Seville Great House
The English captured Jamaica in 1655 from the Spanish. The captains and generals of the conquering army were given large swathes of the island to reward their success.
One such area was the Seville Estate, given to Captain Hemmings. Before the Spanish, Taino peoples from South America had settlements in the area now known as Seville.
The Spaniards imported Africans as slaves to work the sugar, and later Copra, the English continued this activity.
Built towards the end of the 17th century by Hemmings’ grandson, Seville Great house, originally a two-storey house, the top floor blew off during a hurricane in the 19th century.
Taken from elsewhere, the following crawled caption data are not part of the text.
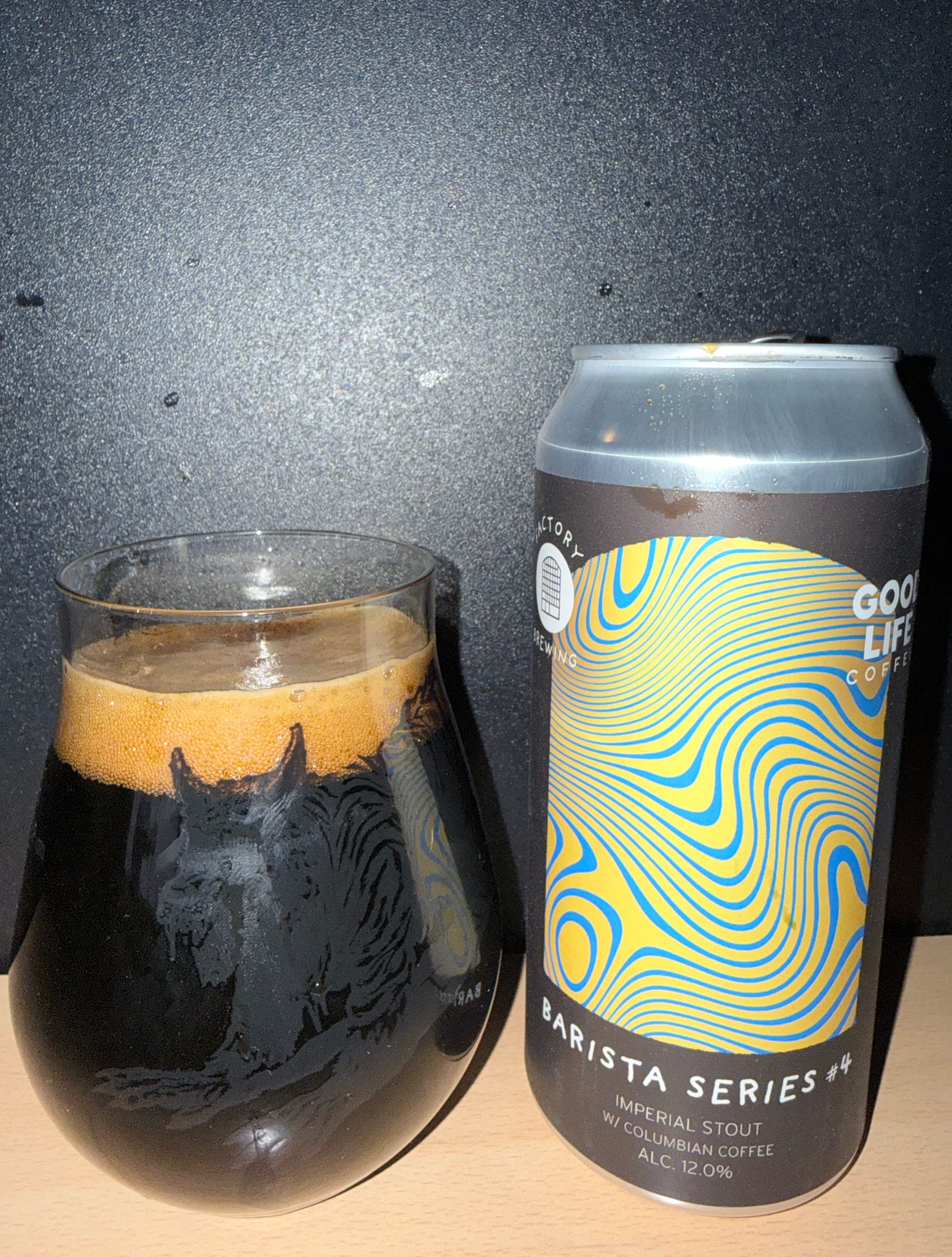 Barista Series #4 (Columbian Coffee), Finland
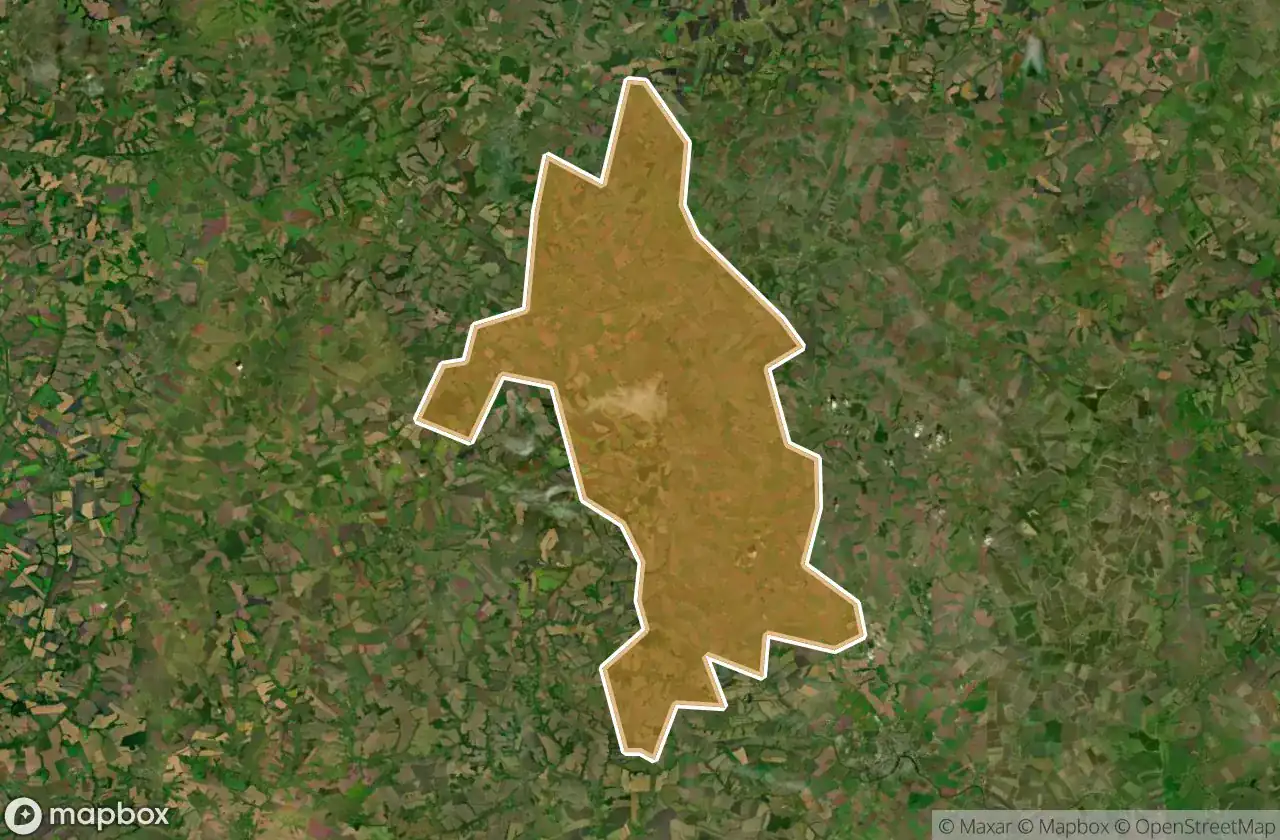 Urbex Map Verkhovskiy Rayon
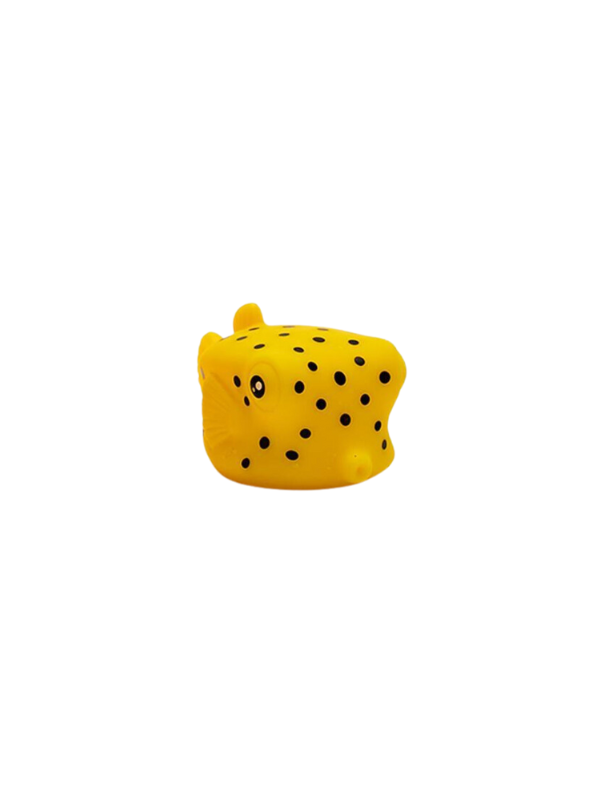 Light Up Bath Buddies- Spotted Puffer Fish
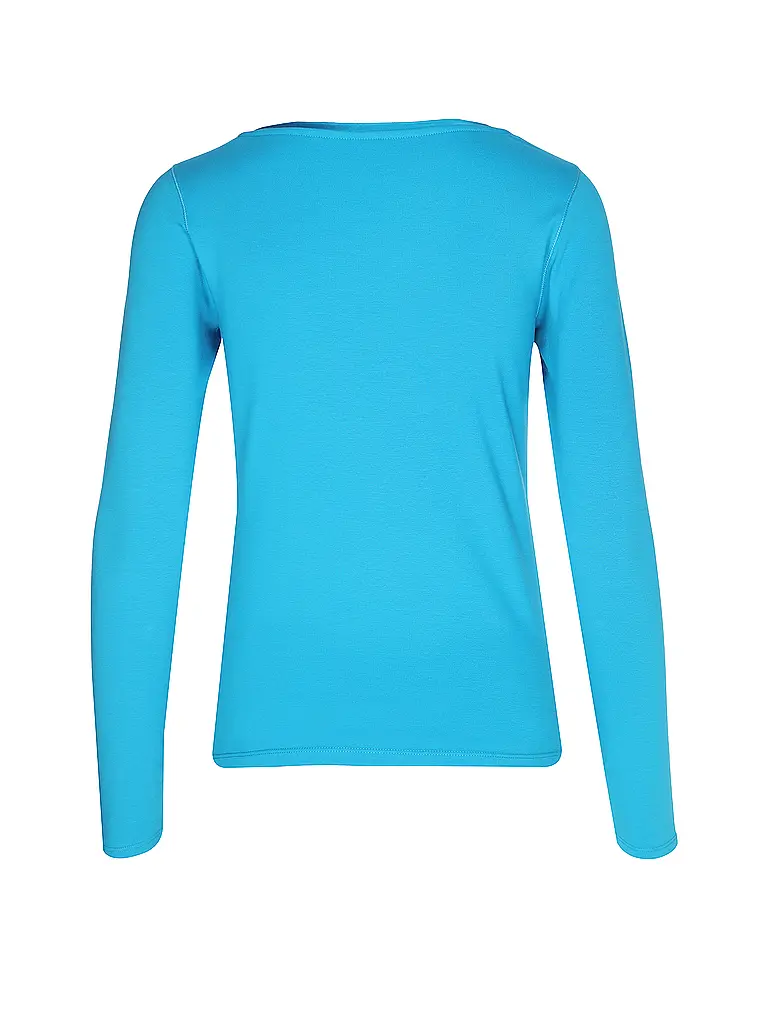 MARC CAIN | Camiseta de manga larga | Azul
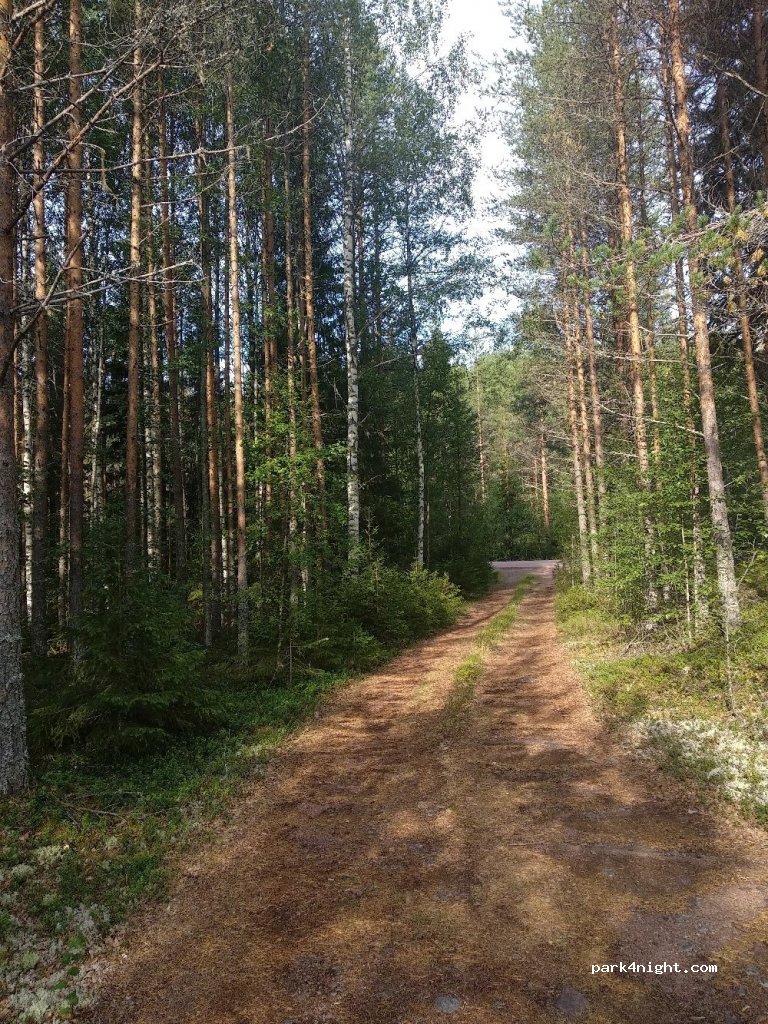 (796 99)  - Rasubergsvägen — foto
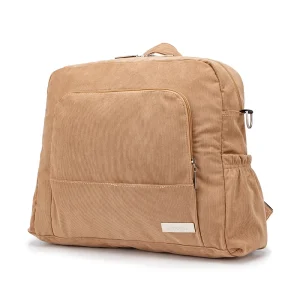 Soboba Diaper Backpack - Large Capacity for Moms, Corduroy Fabric Design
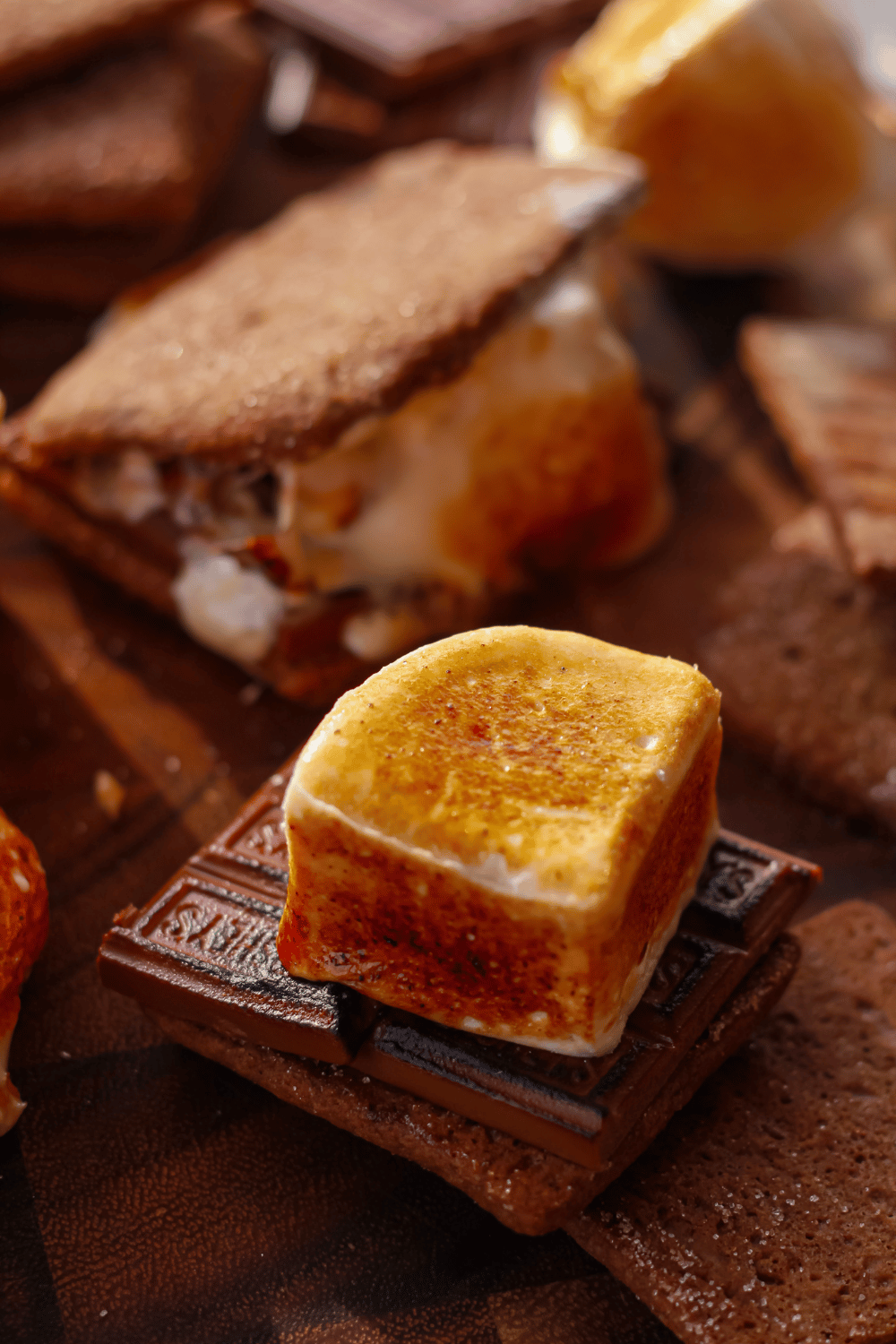 pumpkin s'mores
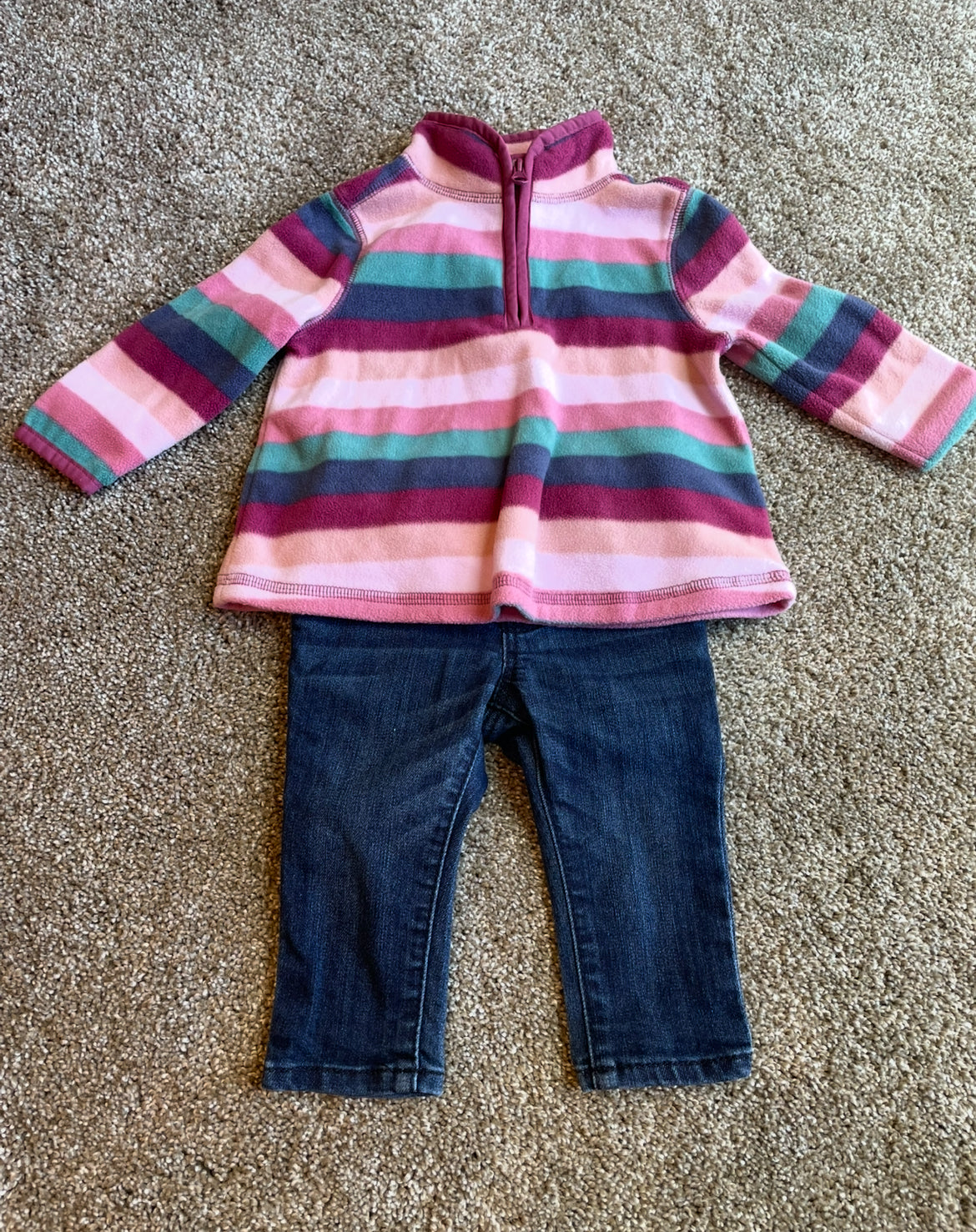 Seller 129- Girls 6 month outfit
The occupants never restored the upper floor to the place, and it remains the same today.
Seville currently operates as a heritage park where visitors learn about the various known inhabitants of the area. Once a 3000 acre estate, extending from Clayground in the north to the Caribbean Sea in the south, Seville is much smaller. What remains known as Seville Estate is now merely 300 acres, split by the main coastal highway that runs on the northern side of the island from Montego Bay in the west to Port Antonio in the east.
The last private owners of the estate were the Hoskins family. Their family burial plot lies close to the front garden. Unfortunately, the final remaining spot is empty as the youngest sister did not die on the island.
At Seville Heritage Park, you can take a tour of the great house and the grounds and learn something about the area’s past inhabitants, from the Taino, through to the English.
Several archaeological digs have been carried out there, revealing artefacts from the past that demonstrate how the inhabitants lived.
There are also reconstructions of a Taino village and African house on the site and the ruins of some of the plantation workers’ quarters, most notably, the overseer’s house and the intact structures of the copra kiln and chimney.